DATASET EXCERPTS:
---

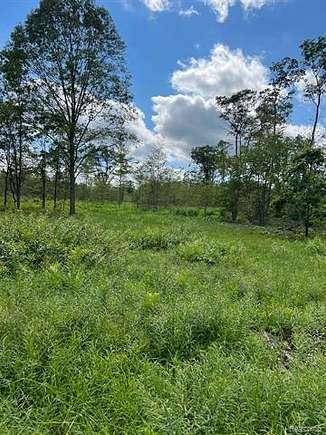 54 Acres of Recreational Land for Sale in Lincoln, Michigan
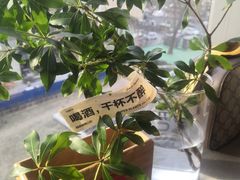 -日上三甘(三里屯店)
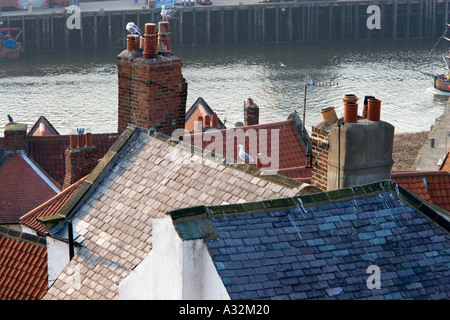 Schieferdächer und Ziegeldächer, Schornsteinstapel und Schornsteintöpfe auf den Hausdächern von erhöhter Position in Whitby Scarborough im Norden yorkshire england großbritannien Stockfoto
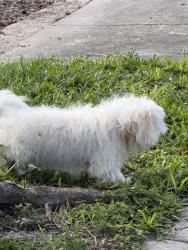 Found/Stray Male Dog last seen Near sw 2st Miami Florida 33135, Miami, FL 33135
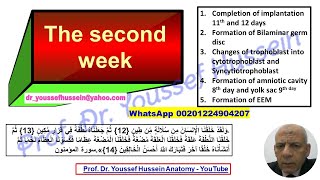 4 The 2nd week  Bilaminar germ disc  Chorionic vesicle  Yolk sac Amnion [upl. by Sueaddaht]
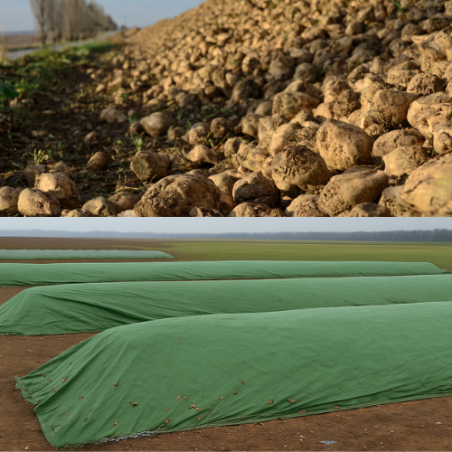 Bâche de protection agricole pour betterave à sucre - VERCOM PARTS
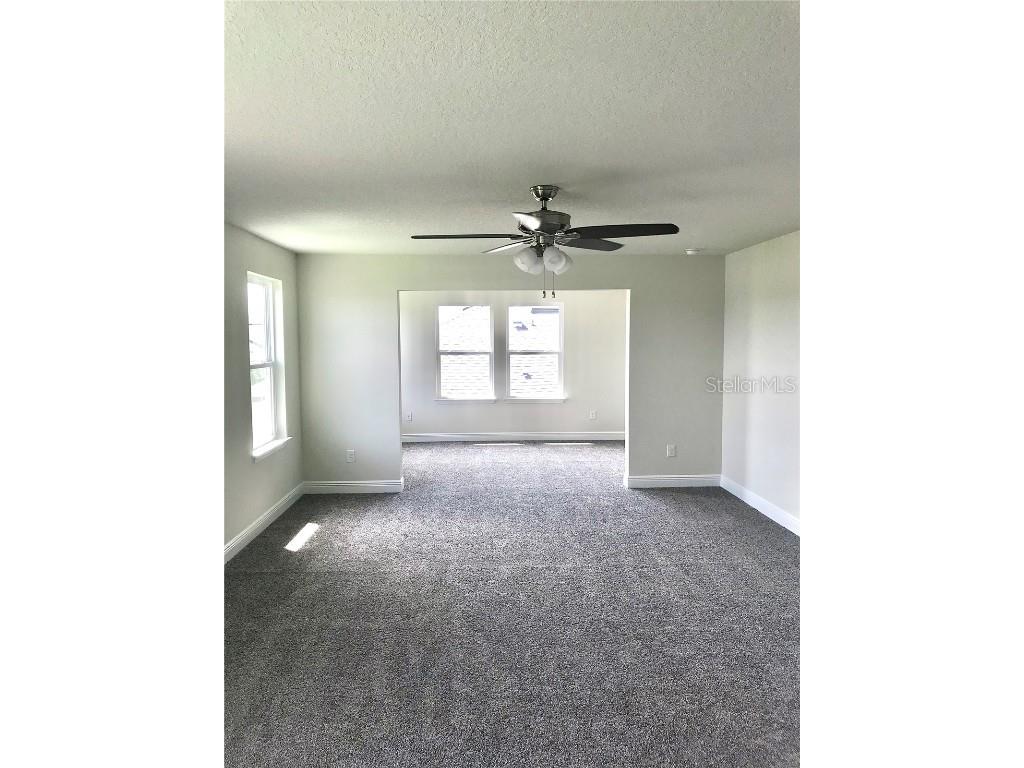 11638 Sweet Tangerine Lane Tampa FL 33626 TB8440606 image49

---

PROBLEM STATEMENT: Starting with the line that holds "Bâche de protection", copy every line exactly through the final line of the material, but skip the pictures.

SOLUTION FOR THIS TASK:
 Bâche de protection agricole pour betterave à sucre - VERCOM PARTS
 11638 Sweet Tangerine Lane Tampa FL 33626 TB8440606 image49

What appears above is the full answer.